Surprise! The Sochi Olympics are going to be the most expensive in history, at a price of more than $50 billion.
Turns out it costs a lot of money to transform a one-lane town on the Black Sea into the host of the world’s largest winter sports event, especially in light of the coincidence that two of the biggest contractors, Arkady and Boris Rotenberg, are childhood friends of Russian President Vladimir Putin.
So what did all of that money buy? One-half of an Olympic Village, apparently. At this point, the Sochi Games will be judged a success if they're free of suicide bombers and the Iceberg Skating Palace doesn’t collapse.
Sochi may be an extreme case, but the general pattern is familiar: Host country wins bid for games, then goes way over budget -- in this case, $39 billion over -- preparing for them, all the time insisting that the money is financing vital infrastructure projects. (Like, say, a new mountain road to a new ski resort.) Once the games are over and everyone goes home, the host country is left with a lot of debt and underused stadiums and hotels. (Not to mention displaced citizens when the games are held in densely populated areas.)
A simple solution is at hand: Designate permanent sites for both the Summer and Winter Games.
This would prevent countries from going on self-destructive Olympic spending sprees. (Montreal spent 30 years paying off its $1.6 billion debt from the 1976 games.) It would have attendant benefits, too: No more Olympics next to war zones, for instance. It may not be possible to divorce politics from the Olympics altogether -- if the games were held in the U.S. this year, international civil rights advocates would probably be protesting the NSA -- but you could at least mitigate the effects, maybe by awarding the Winter Games to neutral (and rich) Switzerland?

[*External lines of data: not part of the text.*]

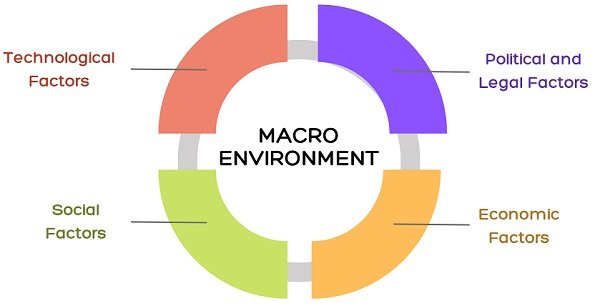 macro-environment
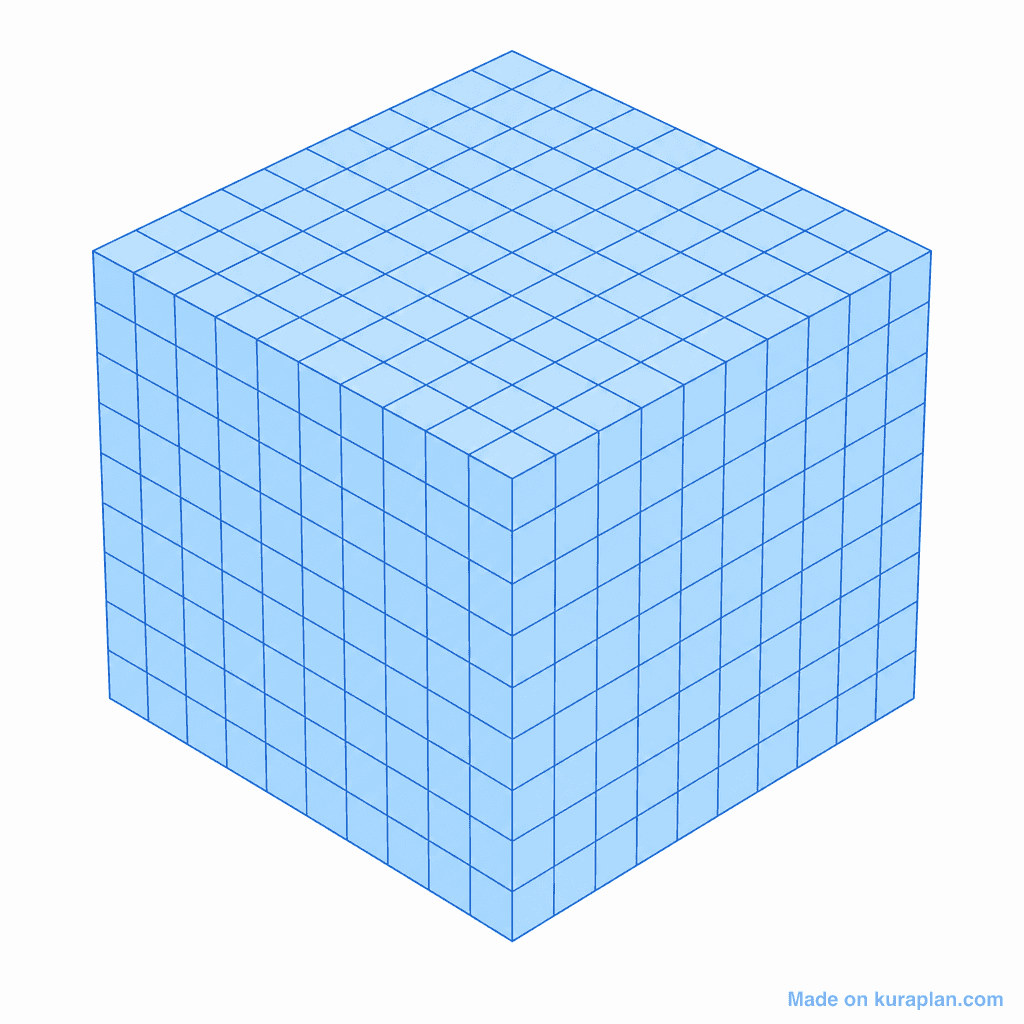 Base10 Cube Thousand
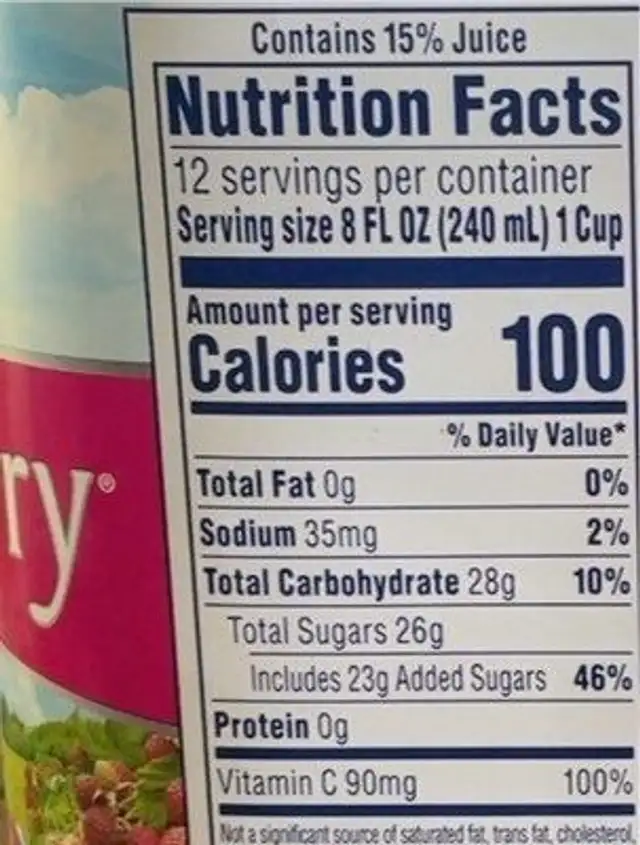 Cran Raspberry nutrition facts table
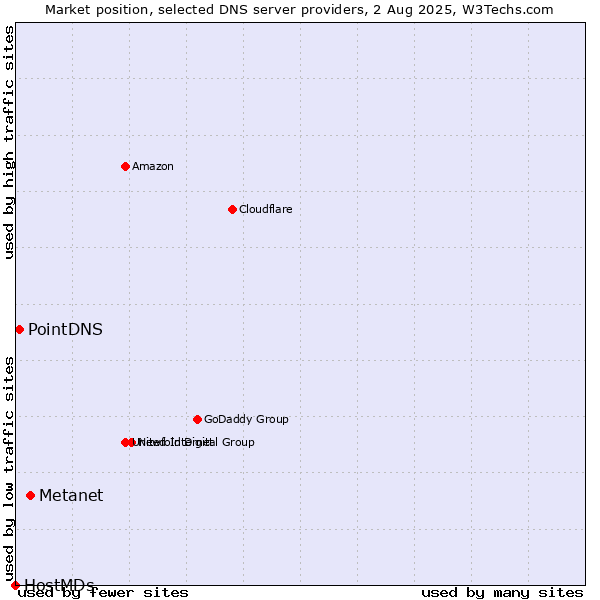 Market position of Metanet vs. PointDNS vs. HostMDs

Greece would be an obvious candidate for the Summer Games, given that it hosted the first Olympics, in 1896. On the other hand, it also spent 5 percent of its gross domestic product on the 2004 Games, which played no small role in the country’s subsequent financial disaster. Also, it never managed to get the roof built over the Olympic swimming pool, which left backstrokers effectively blinded by the sun. OK, forget Greece.
One public policy professor has proposed a new Olympics Island, an interesting thought. We also shouldn’t forget Germany, which managed at least to break even with the 2006 World Cup, then used the new stadiums it had built to revive its national soccer league, the Bundesliga. (The World Cup needs a permanent home, too, but we’ll leave that argument for another day.) There are plenty of good options, and certainly not all of them are in Europe. The point is to stop the mega-bidding and reckless bender-spending, and maybe while we’re at it, ensure that the events themselves are held in well-constructed facilities in safe and at least relatively open countries. In other words, the point is to avoid the next Sochi.